# WHAT IS BEING ASKED:
Below are records; reproduce exactly the lines from the first through the one containing "Syrian refugees ride".

** AVAILABLE DATA follows **

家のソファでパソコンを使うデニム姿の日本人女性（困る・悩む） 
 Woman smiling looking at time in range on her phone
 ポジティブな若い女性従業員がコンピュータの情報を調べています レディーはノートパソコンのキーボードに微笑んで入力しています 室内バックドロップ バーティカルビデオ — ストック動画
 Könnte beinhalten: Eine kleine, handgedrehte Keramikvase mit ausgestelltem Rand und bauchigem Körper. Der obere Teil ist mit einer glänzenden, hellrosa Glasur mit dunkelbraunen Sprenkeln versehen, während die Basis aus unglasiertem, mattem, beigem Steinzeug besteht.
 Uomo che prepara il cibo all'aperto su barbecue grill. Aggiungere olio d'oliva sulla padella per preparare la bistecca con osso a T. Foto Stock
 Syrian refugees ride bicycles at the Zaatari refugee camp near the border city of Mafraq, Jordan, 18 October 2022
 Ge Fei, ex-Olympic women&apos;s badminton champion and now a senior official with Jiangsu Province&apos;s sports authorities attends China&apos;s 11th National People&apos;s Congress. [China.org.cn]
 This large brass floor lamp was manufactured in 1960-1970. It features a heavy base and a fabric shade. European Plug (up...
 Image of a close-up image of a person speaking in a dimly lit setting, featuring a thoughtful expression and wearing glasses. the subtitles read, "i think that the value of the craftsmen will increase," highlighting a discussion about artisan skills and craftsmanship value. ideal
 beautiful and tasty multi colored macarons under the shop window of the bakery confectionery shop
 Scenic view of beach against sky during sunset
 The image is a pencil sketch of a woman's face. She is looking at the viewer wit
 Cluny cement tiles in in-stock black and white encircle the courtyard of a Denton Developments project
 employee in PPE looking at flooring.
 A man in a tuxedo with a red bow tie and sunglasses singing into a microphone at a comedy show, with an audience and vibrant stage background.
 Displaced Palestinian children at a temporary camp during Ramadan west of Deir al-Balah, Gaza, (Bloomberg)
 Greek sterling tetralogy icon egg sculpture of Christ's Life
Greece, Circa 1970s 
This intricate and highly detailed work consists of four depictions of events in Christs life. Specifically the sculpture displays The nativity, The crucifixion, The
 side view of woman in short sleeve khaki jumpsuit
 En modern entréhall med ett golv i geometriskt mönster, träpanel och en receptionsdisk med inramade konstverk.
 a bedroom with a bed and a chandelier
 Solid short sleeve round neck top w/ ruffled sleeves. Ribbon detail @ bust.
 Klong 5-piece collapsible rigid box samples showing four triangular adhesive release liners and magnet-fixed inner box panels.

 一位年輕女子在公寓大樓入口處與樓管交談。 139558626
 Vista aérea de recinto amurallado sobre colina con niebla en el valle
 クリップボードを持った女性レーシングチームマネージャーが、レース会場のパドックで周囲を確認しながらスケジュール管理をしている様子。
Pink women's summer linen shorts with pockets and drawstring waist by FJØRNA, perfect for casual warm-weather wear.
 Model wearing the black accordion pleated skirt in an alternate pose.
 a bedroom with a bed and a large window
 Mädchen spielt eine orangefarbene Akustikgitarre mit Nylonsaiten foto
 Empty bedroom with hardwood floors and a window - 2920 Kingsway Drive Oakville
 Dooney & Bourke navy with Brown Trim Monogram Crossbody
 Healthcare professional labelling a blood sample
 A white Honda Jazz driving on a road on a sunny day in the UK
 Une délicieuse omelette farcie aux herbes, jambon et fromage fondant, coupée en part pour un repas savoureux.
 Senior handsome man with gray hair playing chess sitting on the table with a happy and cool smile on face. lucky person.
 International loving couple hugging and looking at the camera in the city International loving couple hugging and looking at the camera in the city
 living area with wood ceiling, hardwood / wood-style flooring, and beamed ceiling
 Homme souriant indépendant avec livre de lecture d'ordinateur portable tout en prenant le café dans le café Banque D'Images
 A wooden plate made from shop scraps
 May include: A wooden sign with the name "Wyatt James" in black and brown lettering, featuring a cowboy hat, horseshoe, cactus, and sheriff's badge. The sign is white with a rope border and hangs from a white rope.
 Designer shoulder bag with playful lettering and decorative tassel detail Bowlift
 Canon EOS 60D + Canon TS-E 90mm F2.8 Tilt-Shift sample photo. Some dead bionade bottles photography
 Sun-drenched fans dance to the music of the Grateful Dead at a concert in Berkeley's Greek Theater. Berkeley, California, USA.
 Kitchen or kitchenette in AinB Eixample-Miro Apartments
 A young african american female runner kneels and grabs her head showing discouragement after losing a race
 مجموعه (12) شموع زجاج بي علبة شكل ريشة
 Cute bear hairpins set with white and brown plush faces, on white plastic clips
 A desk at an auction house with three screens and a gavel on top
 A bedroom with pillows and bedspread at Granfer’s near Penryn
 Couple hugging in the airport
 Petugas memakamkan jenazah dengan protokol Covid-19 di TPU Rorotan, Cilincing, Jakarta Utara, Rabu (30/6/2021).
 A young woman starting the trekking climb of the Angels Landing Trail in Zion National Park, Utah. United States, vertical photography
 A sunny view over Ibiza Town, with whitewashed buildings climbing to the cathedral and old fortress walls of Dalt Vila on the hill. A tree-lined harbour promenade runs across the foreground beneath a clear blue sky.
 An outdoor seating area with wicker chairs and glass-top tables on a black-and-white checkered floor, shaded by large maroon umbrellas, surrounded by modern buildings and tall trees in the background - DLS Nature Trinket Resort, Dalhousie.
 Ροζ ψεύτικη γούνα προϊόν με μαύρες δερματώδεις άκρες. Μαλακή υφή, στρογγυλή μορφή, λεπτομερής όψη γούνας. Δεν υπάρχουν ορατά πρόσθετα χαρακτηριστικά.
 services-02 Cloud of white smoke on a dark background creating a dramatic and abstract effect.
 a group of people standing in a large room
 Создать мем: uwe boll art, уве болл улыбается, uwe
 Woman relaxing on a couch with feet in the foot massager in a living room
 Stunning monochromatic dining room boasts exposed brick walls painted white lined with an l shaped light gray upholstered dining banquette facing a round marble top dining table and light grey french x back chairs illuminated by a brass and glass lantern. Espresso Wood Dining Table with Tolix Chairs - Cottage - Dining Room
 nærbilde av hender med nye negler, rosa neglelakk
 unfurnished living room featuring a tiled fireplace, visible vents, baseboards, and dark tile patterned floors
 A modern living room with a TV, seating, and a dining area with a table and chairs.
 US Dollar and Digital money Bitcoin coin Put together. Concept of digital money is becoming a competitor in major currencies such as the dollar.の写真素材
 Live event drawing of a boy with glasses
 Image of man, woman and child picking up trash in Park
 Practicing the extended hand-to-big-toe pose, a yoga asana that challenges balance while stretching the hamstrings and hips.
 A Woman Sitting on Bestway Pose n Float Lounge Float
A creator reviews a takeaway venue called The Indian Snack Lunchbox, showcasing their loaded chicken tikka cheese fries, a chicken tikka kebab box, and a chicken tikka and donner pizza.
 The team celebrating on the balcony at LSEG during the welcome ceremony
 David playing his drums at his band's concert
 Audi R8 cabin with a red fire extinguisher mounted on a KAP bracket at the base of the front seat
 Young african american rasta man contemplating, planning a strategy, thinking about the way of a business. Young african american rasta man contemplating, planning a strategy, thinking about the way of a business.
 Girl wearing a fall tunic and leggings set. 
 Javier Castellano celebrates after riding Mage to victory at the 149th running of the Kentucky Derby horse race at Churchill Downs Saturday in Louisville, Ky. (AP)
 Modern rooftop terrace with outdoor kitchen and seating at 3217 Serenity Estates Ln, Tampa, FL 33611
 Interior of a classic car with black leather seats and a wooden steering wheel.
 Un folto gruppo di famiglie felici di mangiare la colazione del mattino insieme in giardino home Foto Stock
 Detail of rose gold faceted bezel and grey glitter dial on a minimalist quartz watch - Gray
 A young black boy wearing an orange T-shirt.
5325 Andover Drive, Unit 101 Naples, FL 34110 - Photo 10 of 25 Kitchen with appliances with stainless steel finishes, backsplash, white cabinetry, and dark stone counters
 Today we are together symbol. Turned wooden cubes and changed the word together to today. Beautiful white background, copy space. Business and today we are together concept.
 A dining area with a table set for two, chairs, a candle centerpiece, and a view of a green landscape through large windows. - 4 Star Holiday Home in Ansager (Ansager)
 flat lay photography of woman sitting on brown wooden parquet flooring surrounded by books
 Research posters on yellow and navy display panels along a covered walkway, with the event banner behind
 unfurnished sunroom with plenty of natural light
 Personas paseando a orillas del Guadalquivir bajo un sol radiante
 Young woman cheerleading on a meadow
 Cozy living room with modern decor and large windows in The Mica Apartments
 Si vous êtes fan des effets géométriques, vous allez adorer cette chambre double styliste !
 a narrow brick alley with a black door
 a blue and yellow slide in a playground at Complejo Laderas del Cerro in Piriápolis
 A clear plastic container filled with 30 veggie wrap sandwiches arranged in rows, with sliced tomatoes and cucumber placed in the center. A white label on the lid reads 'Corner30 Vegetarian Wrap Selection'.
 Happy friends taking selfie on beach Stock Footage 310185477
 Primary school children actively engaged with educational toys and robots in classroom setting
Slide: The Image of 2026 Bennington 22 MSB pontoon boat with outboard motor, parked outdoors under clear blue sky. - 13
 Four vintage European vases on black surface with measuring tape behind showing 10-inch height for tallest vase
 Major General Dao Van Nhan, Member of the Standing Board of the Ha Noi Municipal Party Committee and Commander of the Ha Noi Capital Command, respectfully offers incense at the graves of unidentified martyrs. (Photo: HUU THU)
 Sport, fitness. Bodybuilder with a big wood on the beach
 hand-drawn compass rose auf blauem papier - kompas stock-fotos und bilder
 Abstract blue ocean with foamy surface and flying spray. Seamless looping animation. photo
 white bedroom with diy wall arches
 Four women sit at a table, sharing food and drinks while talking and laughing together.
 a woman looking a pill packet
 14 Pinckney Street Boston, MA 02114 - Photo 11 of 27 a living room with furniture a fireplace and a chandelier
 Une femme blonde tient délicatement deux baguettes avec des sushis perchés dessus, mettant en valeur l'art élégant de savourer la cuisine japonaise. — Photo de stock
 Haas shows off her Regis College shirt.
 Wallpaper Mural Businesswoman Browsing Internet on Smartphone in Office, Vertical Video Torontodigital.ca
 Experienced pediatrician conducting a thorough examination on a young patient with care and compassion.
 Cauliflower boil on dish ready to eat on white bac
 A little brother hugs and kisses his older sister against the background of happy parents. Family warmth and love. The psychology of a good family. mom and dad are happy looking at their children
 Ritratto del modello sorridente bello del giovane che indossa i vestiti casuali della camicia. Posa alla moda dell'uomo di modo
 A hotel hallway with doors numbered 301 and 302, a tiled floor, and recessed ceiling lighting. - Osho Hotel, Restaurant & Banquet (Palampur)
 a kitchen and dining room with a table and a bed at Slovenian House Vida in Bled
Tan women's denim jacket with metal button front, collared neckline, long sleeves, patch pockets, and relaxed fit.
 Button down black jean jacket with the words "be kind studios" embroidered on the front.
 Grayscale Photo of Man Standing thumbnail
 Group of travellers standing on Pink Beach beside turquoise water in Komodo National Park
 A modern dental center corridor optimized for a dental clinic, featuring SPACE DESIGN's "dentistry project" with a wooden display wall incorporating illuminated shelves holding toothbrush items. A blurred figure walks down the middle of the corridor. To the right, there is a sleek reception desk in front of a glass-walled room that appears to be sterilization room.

** End of AVAILABLE DATA **

# RESULT OF THIS EXERCISE:
家のソファでパソコンを使うデニム姿の日本人女性（困る・悩む） 
 Woman smiling looking at time in range on her phone
 ポジティブな若い女性従業員がコンピュータの情報を調べています レディーはノートパソコンのキーボードに微笑んで入力しています 室内バックドロップ バーティカルビデオ — ストック動画
 Könnte beinhalten: Eine kleine, handgedrehte Keramikvase mit ausgestelltem Rand und bauchigem Körper. Der obere Teil ist mit einer glänzenden, hellrosa Glasur mit dunkelbraunen Sprenkeln versehen, während die Basis aus unglasiertem, mattem, beigem Steinzeug besteht.
 Uomo che prepara il cibo all'aperto su barbecue grill. Aggiungere olio d'oliva sulla padella per preparare la bistecca con osso a T. Foto Stock
 Syrian refugees ride bicycles at the Zaatari refugee camp near the border city of Mafraq, Jordan, 18 October 2022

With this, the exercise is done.